The present house is a large, square red-brick building with stone dressing and ornamentation, the façade the result of alterations in the early 1800s. However, the majority of the structure dates back to 1720, and parts of the inside to the early 1600s. The extensive grounds include canals, fishponds and water features. On the lowest pool is a classical boathouse.

Part of the possessions of the bishopric See of London before the Norman conquest of England, it came into the possession of the Crown and was sold by King James I of England to the Mountjoy family. It was purchased from them by John Haynes in 1626, who later went to North America where he served as governor of the Massachusetts Bay Colony and then as the first governor of the Connecticut Colony.
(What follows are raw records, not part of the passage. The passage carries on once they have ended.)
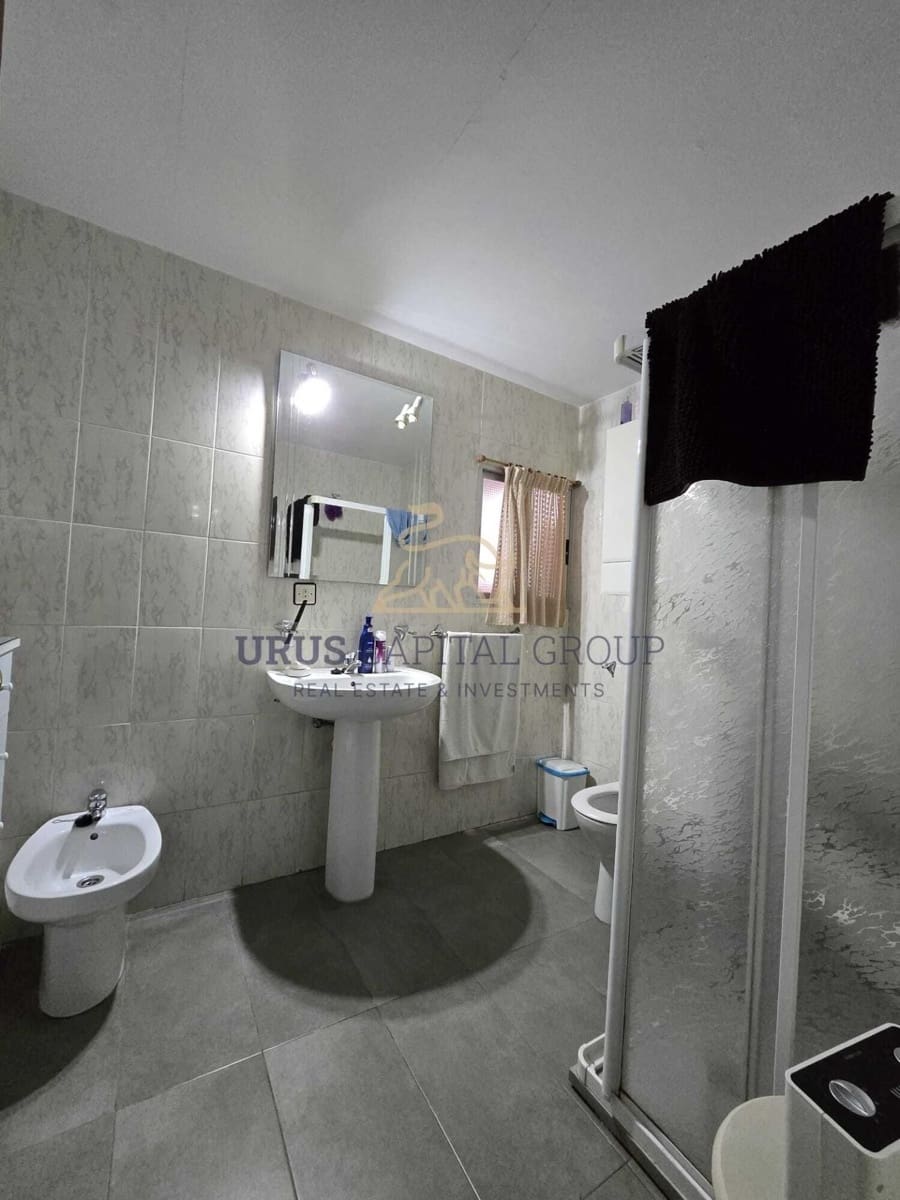 7 slaapkamer Huis te koop in Cordoba stad - € 320.000 (Ref: 9547419)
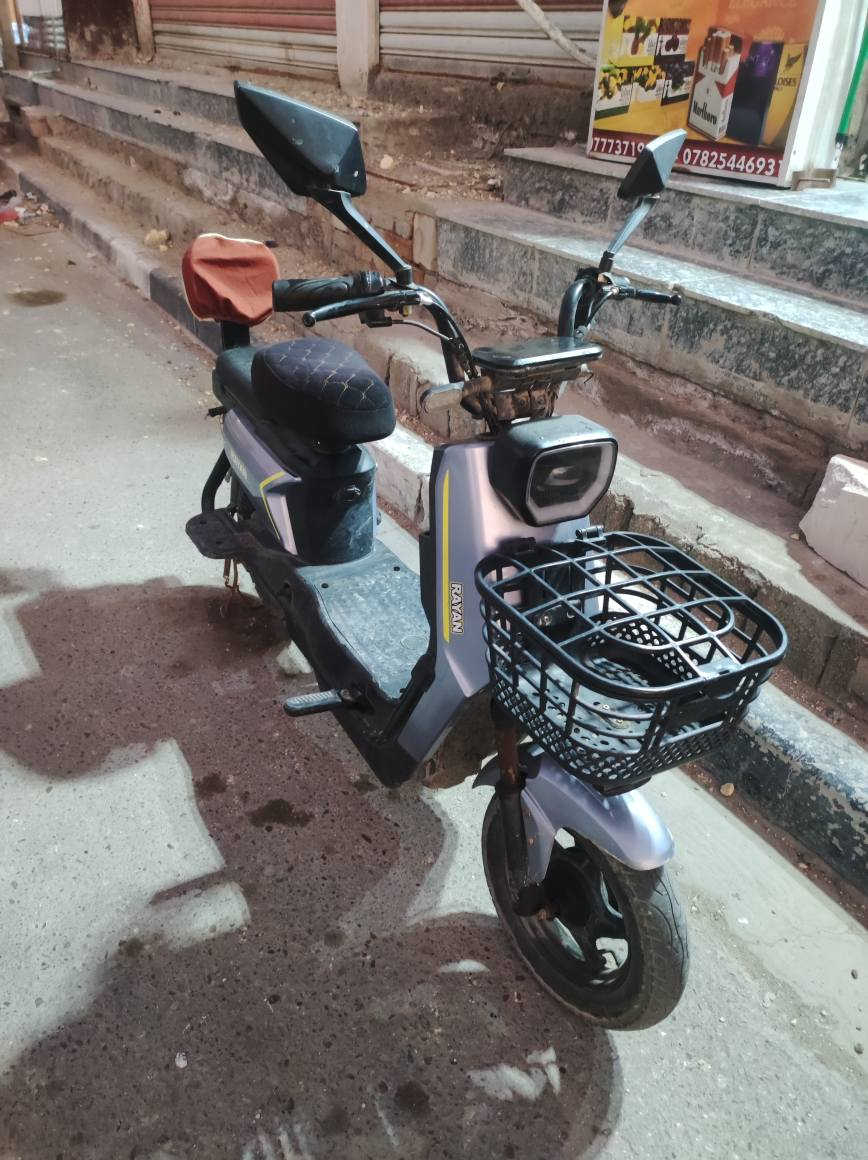 دراجة شحن تبديل بطاريات جدد وتاير ورى وبريكات اثنين  ودسك ورى نقص بس اشاير ووزنجيل وكفات 
سعر 300 مع مجال 
مكاني البصرة دور الشرطة شارع ستين قرب معارض جديدة البصرة, العراق


**إذا كنت صاحب هذا الإعلان وتريد حذفه لأي سبب، رجاءا أرسل رسالة إلى الدعم الفني**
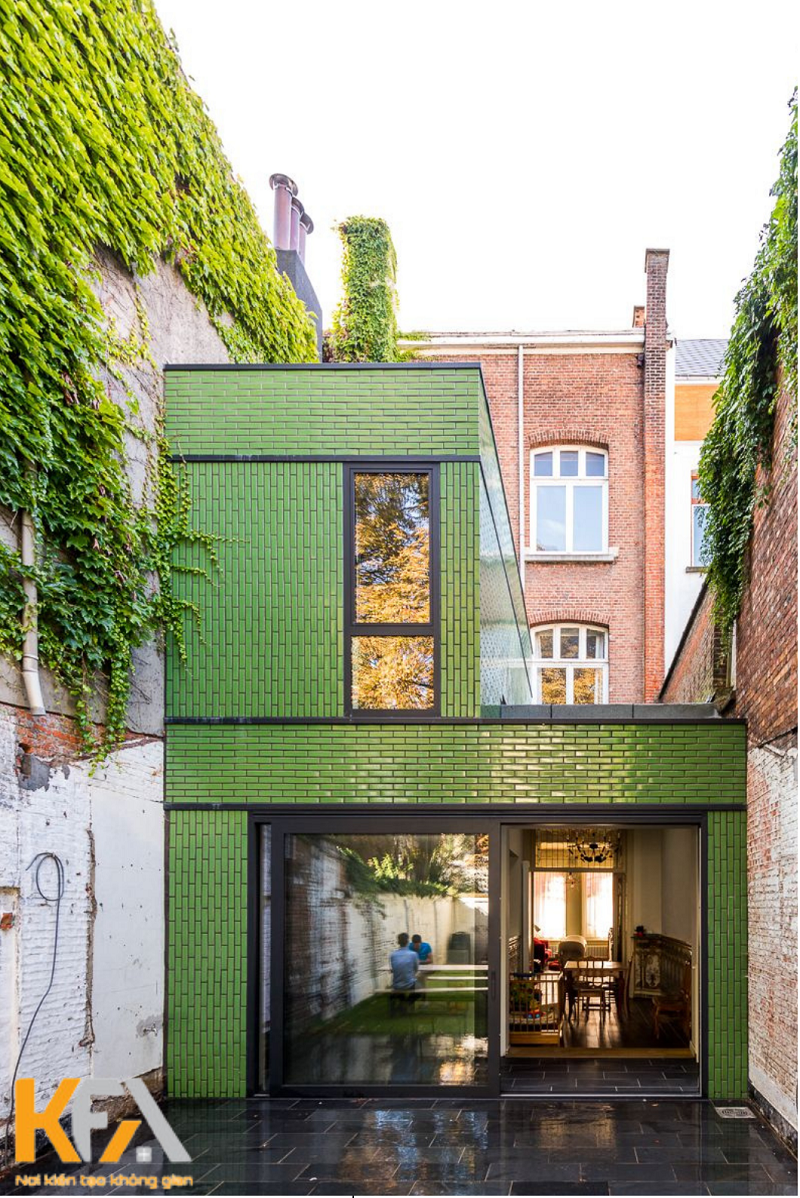 Màu xanh lá cây đầy nổi bật cho căn nhà, nhưng cũng giúp căn nhà hòa mình vào thiên nhiên xung quanh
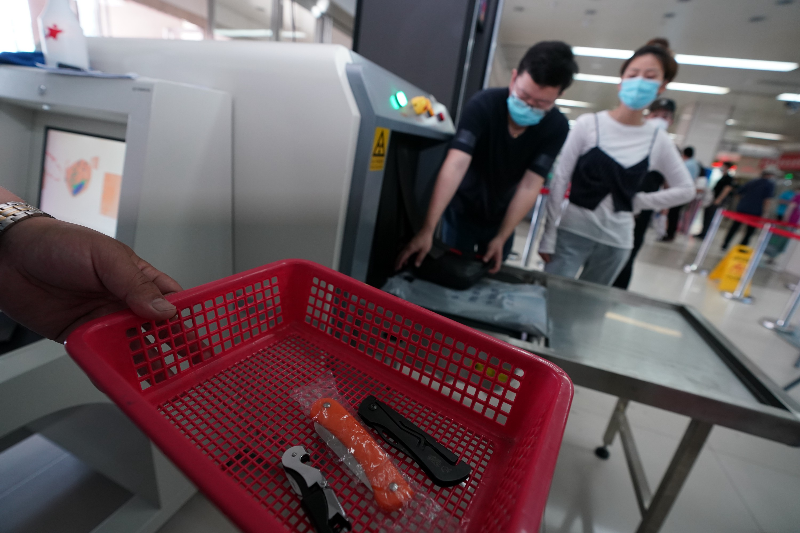 安检共查获各类禁带品265477件,公交警方对其中构成非法携带危险物品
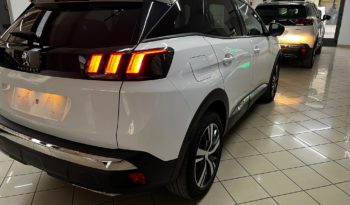 Peugeot 3008 1.5 bluehdi Allure s Automatico full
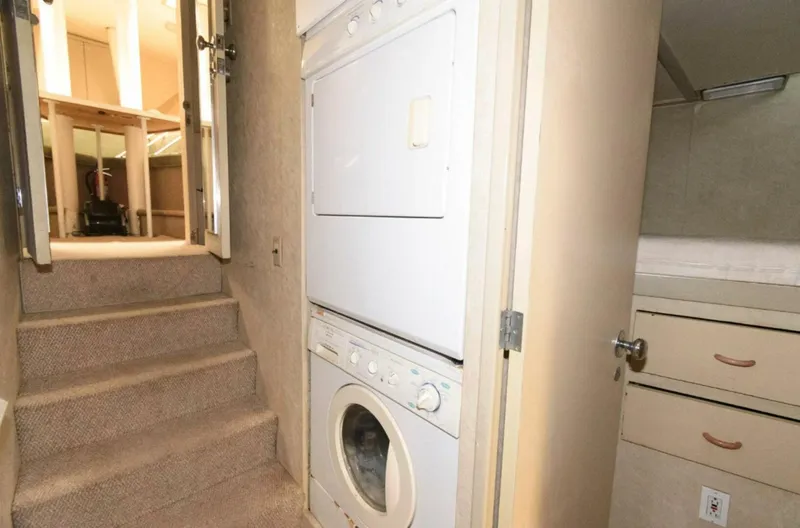 Slide: The Image of Broward Raised Pilothouse 1984 - 5986524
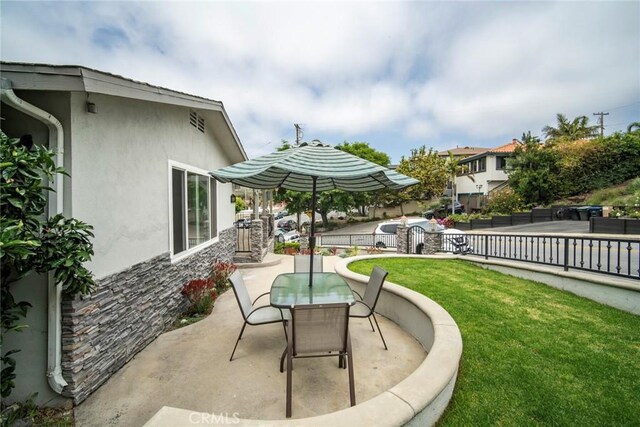 1413 Avenida De La Estrella, San Clemente, CA 92672 - fenced backyard with a patio and outdoor dining space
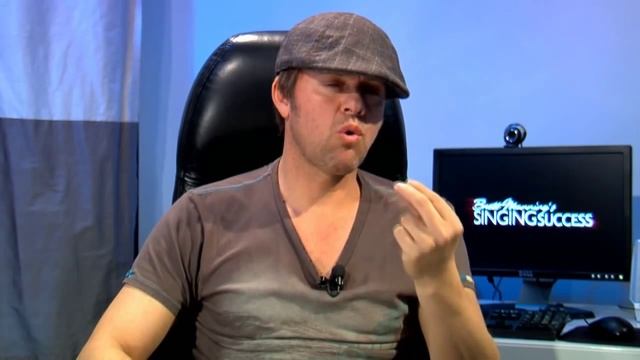 Брэтт Мэнинг - Чем отличается фальцет от головного звука смотреть онлайн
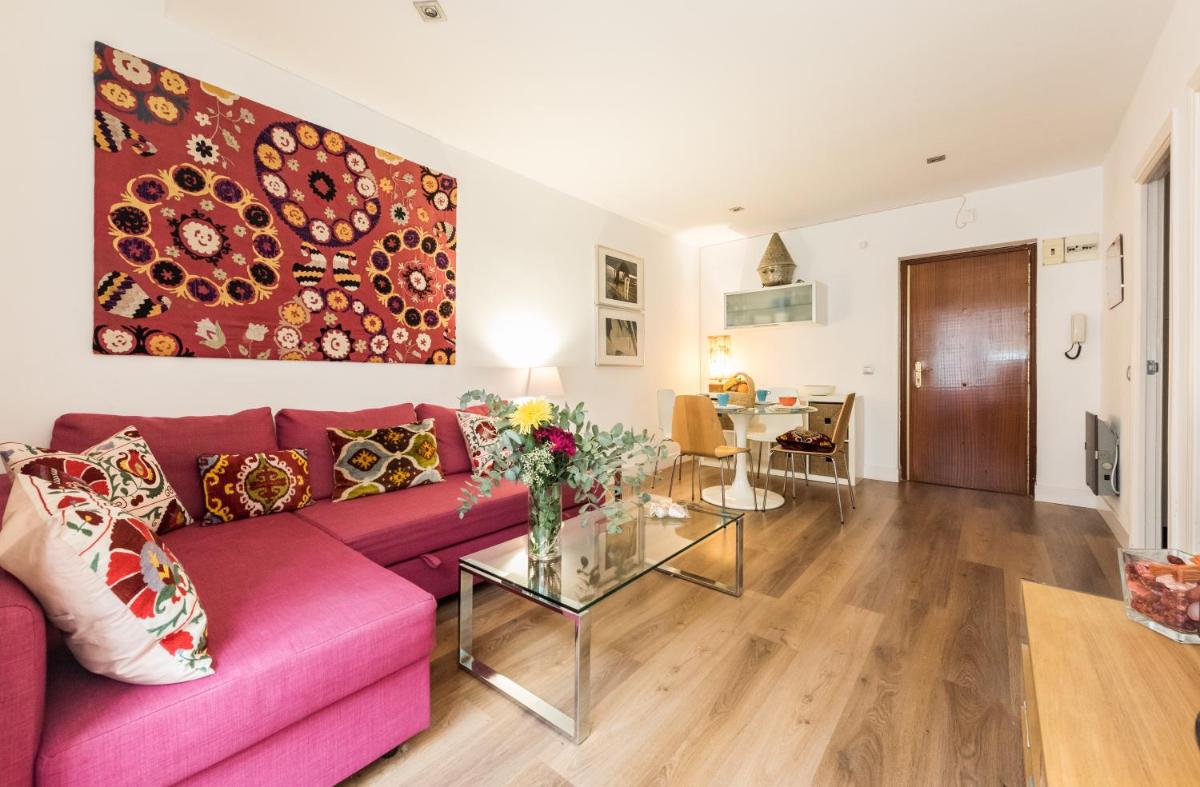 Urban Santa Ana Madrid Centro - Housity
His son, Cromwell's Major General Hezekiah Haynes, took it over in 1657. It passed to a cousin by marriage, Major John Haynes Harrison of the Essex Militia, who married the heiress daughter of Reverend John Fiske and his wife Sarah in 1783. Their children included Fiske Goodeve Fiske-Harrison. It was later owned by his descendant A. B. C. Harrison, Lord of the Manor of Copford, former High Sheriff and Deputy Lord Lieutenant of Essex and, former MP for Maldon in Essex.